Diagnostic Value of
CCL2
and
CCR2
in Pleural Effusion for Distinguishing Lung Cancer Histological Subtypes: A Retrospective Study
Jie Yu, Yong Huang, Weirong Chen ABSTRACT
Objective
This study evaluated the diagnostic value of C‐C motif chemokine ligand 2 (CCL2) and C‐C chemokine receptor type 2 (CCR2) in pleural effusions for distinguishing histological subtypes of lung cancer (LC).
Methods
A retrospective cohort study was conducted on 96 cases of squamous cell carcinoma (LUSC), 206 cases of lung adenocarcinoma (LUAD), and 53 cases of small cell LC (SCLC). A control group of 102 patients with parapneumonic effusion was selected. CCL2 and CCR2 levels in pleural effusions were measured. Pearson correlation analysis and receiver operating characteristic curve analysis were conducted.
Results
Pleural effusion CCL2 and CCR2 levels were higher in advanced LC than in parapneumonic effusion, and the changes in these two levels showed a moderate positive correlation ( p < 0.001). CCL2 and CCR2 levels in pleural effusions were elevated in LUAD patients compared to LUSC and SCLC patients ( p < 0.01), with SCLC patients having higher levels than LUSC patients ( p < 0.01).
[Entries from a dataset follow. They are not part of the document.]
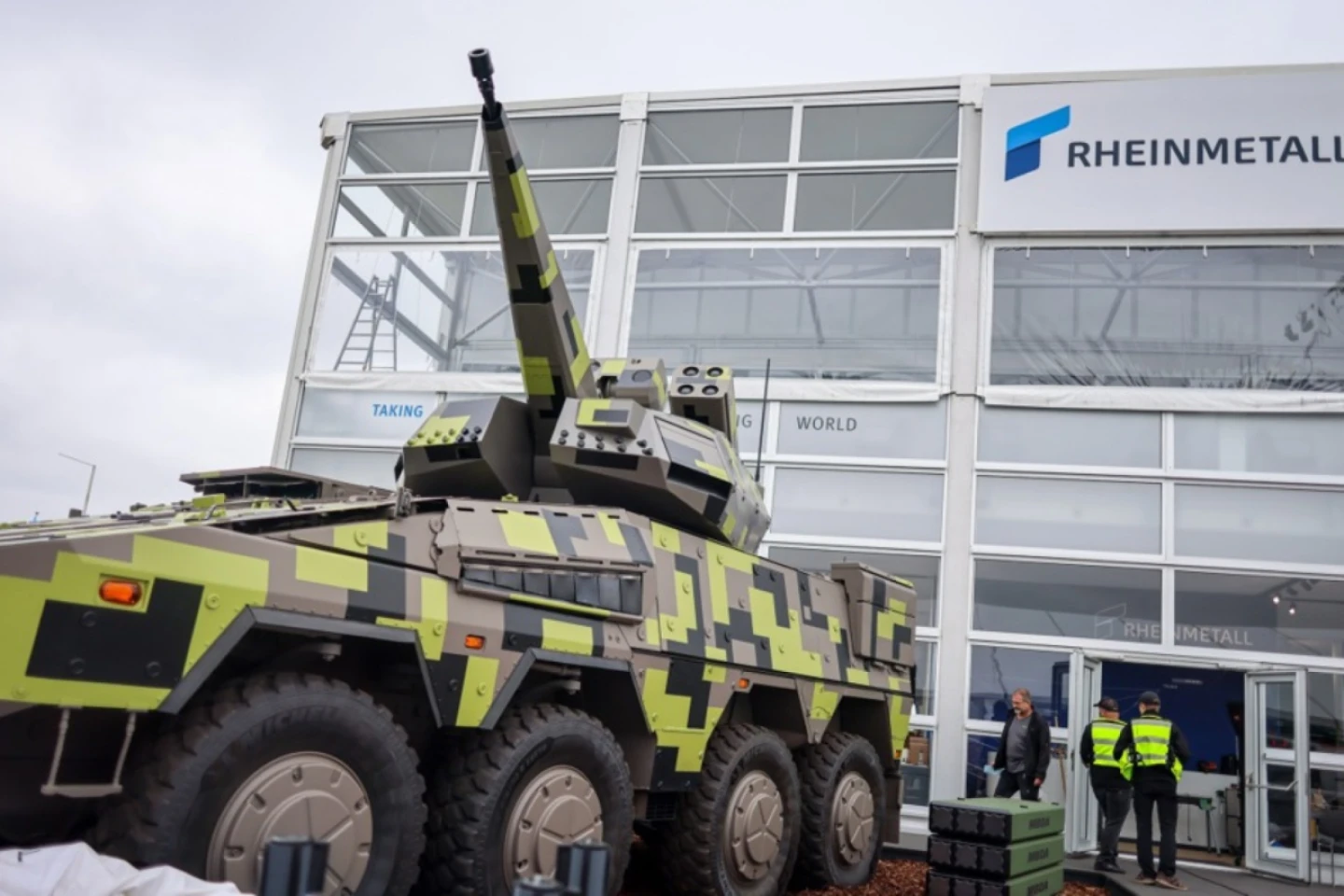 Rheinmetall anunţă că prima sa fabrică de armament din Ucraina a fost dată în funcţiune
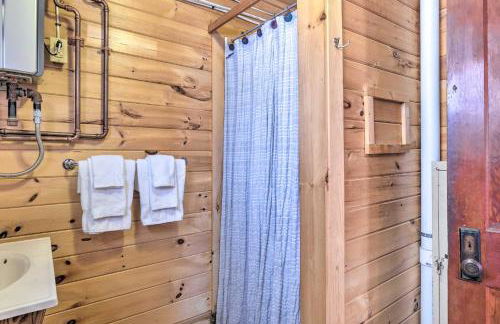 8 Mi to Saddleback Ski Area Cabin with Fire Pit - Foto 17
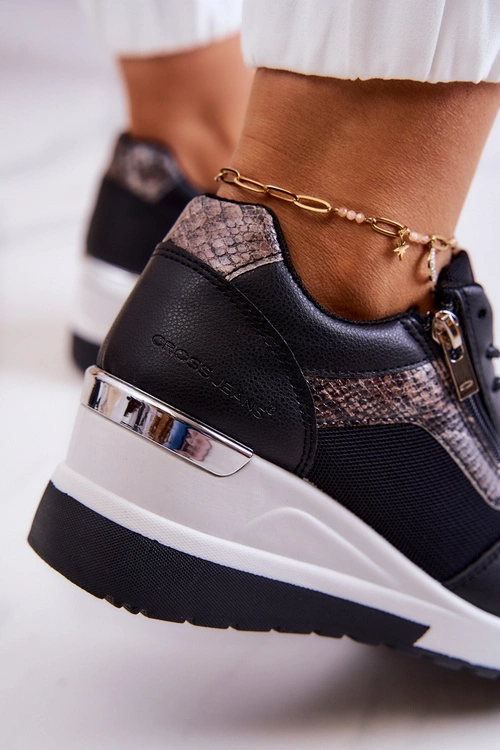 Damskie Sneakersy Na Koturnie Cross Jeans JJ2R4027C Czarne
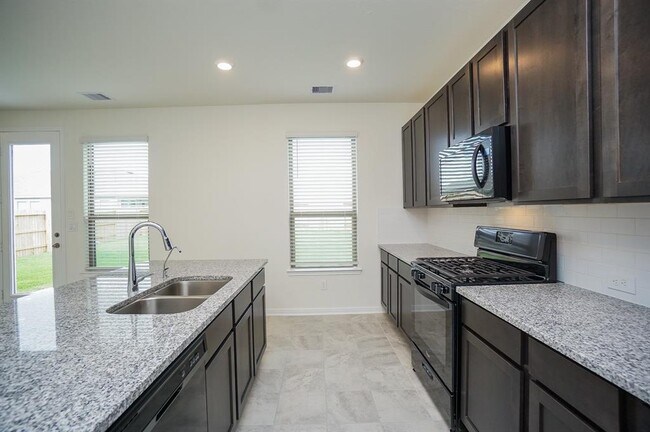 Building Photo - 4615 Sabine Creek Way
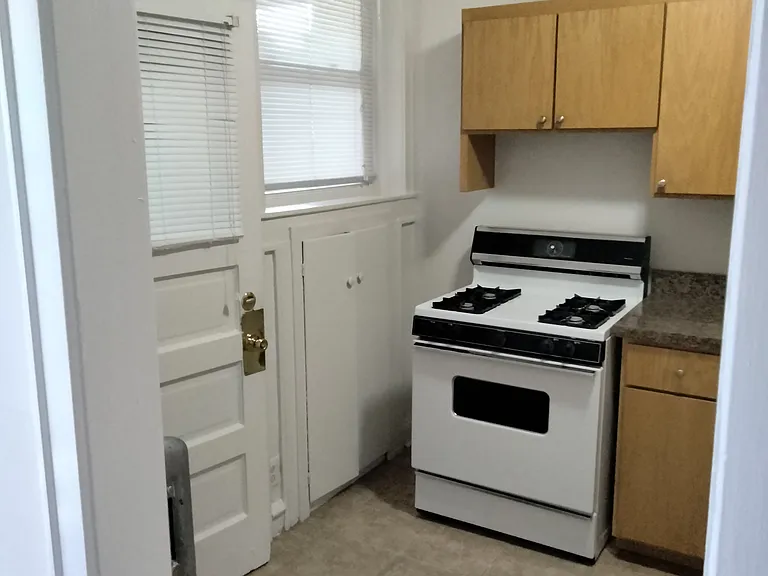 1032 S Oak Park Ave #1E — Photo 12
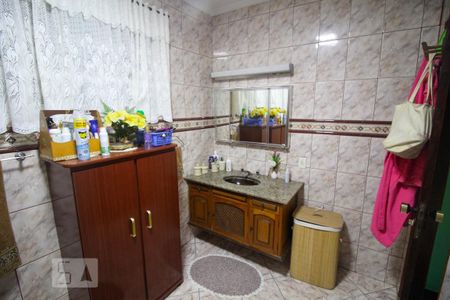 Casa à venda com 200m², 4 quartos e sem vaga Casa à venda com 200m², 4 quartos e sem vagaBanheiro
The AUC for the combined CCL2 and CCR2 panel was higher than that for CCL2, CCR2, carcinoembryonic antigen, and cytokeratin fragment antigen 21‐1 tested individually (all p < 0.05).
Conclusion
Patients with advanced LC exhibit elevated CCL2 and CCR2 levels in pleural effusions. Combined detection of these two markers has some diagnostic value in distinguishing between LUAD and LUSC, serving as a valuable supplement to histopathological examination; however, clinical application should involve a comprehensive assessment in conjunction with other auxiliary tests. These markers have limited value in distinguishing between SCLC and NSCLC.